• _Problem_
Every line of the records below from the line with "у фірмовій подарунковій упаковці" up to and including the line with "Parking 25 m²" must be reproduced exactly, and no line outside that range.

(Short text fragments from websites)
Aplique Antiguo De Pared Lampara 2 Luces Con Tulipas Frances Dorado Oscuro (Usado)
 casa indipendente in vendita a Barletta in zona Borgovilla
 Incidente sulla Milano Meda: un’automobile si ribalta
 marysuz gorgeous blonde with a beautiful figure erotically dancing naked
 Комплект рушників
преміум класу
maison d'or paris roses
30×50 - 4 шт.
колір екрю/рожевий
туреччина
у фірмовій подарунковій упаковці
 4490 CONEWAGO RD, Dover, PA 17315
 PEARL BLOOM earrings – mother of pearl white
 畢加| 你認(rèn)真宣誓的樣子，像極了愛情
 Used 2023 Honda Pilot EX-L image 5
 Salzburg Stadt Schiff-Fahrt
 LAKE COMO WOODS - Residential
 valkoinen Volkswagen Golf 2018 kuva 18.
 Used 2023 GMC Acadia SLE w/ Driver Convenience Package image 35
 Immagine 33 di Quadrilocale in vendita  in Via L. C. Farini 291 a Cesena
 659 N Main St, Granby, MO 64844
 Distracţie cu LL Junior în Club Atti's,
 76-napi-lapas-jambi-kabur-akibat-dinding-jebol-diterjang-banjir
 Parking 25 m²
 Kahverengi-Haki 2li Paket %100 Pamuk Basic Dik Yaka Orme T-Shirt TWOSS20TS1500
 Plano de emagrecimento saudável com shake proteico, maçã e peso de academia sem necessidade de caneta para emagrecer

• _Exercise output_
у фірмовій подарунковій упаковці
 4490 CONEWAGO RD, Dover, PA 17315
 PEARL BLOOM earrings – mother of pearl white
 畢加| 你認(rèn)真宣誓的樣子，像極了愛情
 Used 2023 Honda Pilot EX-L image 5
 Salzburg Stadt Schiff-Fahrt
 LAKE COMO WOODS - Residential
 valkoinen Volkswagen Golf 2018 kuva 18.
 Used 2023 GMC Acadia SLE w/ Driver Convenience Package image 35
 Immagine 33 di Quadrilocale in vendita  in Via L. C. Farini 291 a Cesena
 659 N Main St, Granby, MO 64844
 Distracţie cu LL Junior în Club Atti's,
 76-napi-lapas-jambi-kabur-akibat-dinding-jebol-diterjang-banjir
 Parking 25 m²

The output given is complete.